Description of the task –
In the entries that follow, the lines from the line containing "Bupati Rembang Harno" up to and including the line containing "Used 2003 BMW 325i Sedan RWD image 19" must be copied exactly, with pictures omitted.

(Data provided)

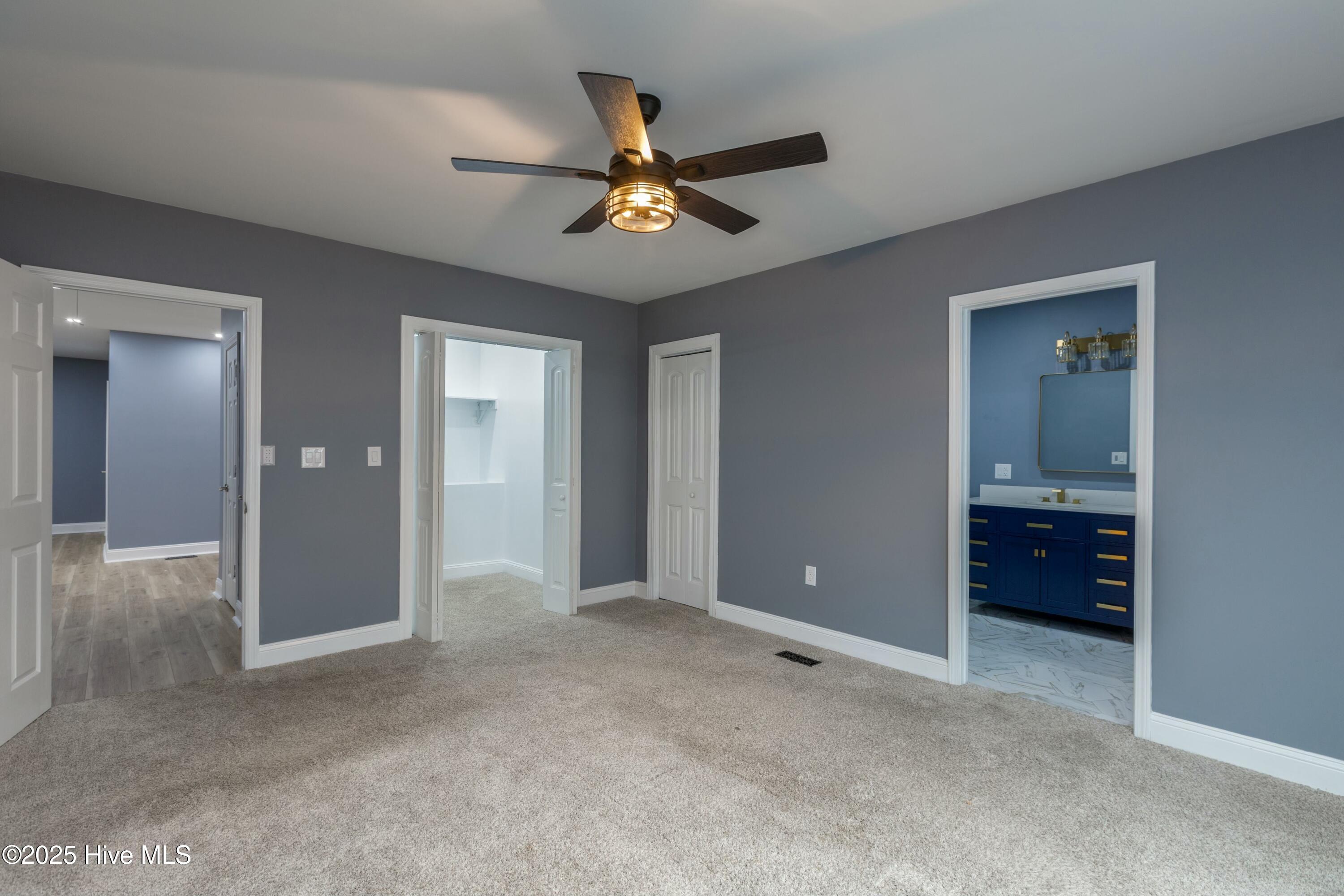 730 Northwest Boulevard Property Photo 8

(End Data provided)
(Data provided)

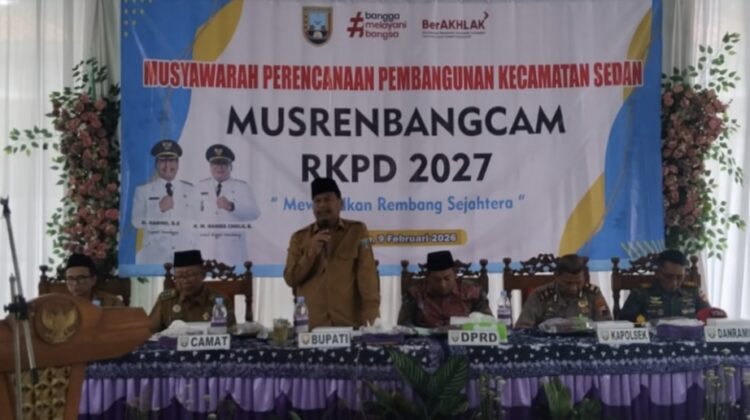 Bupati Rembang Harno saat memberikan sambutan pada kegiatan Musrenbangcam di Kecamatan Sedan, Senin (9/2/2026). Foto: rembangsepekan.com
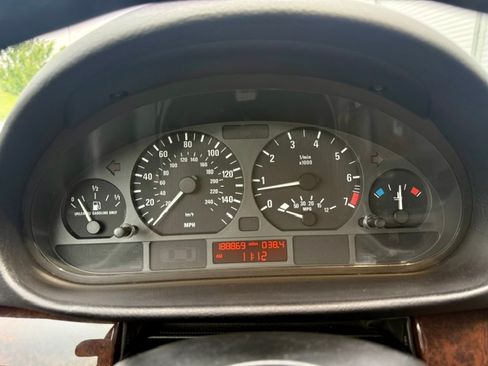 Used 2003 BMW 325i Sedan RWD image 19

(End Data provided)

The answer –
 Bupati Rembang Harno saat memberikan sambutan pada kegiatan Musrenbangcam di Kecamatan Sedan, Senin (9/2/2026). Foto: rembangsepekan.com
 Used 2003 BMW 325i Sedan RWD image 19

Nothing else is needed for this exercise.